Tag Archives: reflective

County planning reflective borders on traffic signals

The in basket: Jack Ford says that during a recent power outage that hit Silverdale, he saw several cars blow through the darkened Levin Road traffic signal on Ridgetop Boulevard, probably unaware there is a signal there.

He wondered if reflective material can be put on signals so they can be spotted when the signals and nearby street lights are out.

The out basket: The state has been installing yellow borders on some of its signals where power outages are common for some time but I wasn’t sure if Kitsap County had followed suit. Ridgetop is a county road and the Levin light is temporary while Bucklin Hill Road is closed. It will be bagged Friday when Bucklin reopens and physically removed in coming weeks.
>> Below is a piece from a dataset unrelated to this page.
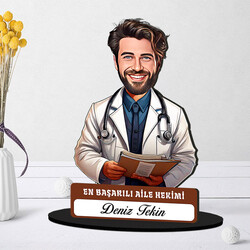  - En Başarılı Erkek Aile Hekimi Karikatürlü Biblo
In driving around Silverdale I didn’t see any of the signals with the border. I asked if the county has any.

Jeff Shea, county traffic engineer, replied, “We have begun to install the heads with the reflective material around them, but they aren’t always that easy to see. We have the borders at some signals including Mullenix and Phillips (in South Kitsap), pedestrian crossing on Silverdale Way, and the new Bucklin Hill pedestrian crossing at Mickelberry.

“Even with the reflective material on the signal head some drivers don’t stop. Many of our power outages occur at night during storms making it difficult to see the roadway. Compound that with the height of the signal heads, which puts them on the periphery of the light your headlights project.

“For added safety because of the outages we experience, Public Works has been installing battery backups at our more heavily used intersections with plans to install them at all signals. These backups will allow our signals to operate for several hours after an outage occurs.”

The law says that a darkened traffic signal must be treated as an all-way stop.

Do highly reflective plates aid speed enforcement?

The in basket: An online commenter who goes by Mike made the following surprising comment on the Road Warrior column at kitsapsun.com, about the requirement for front license plates in this state .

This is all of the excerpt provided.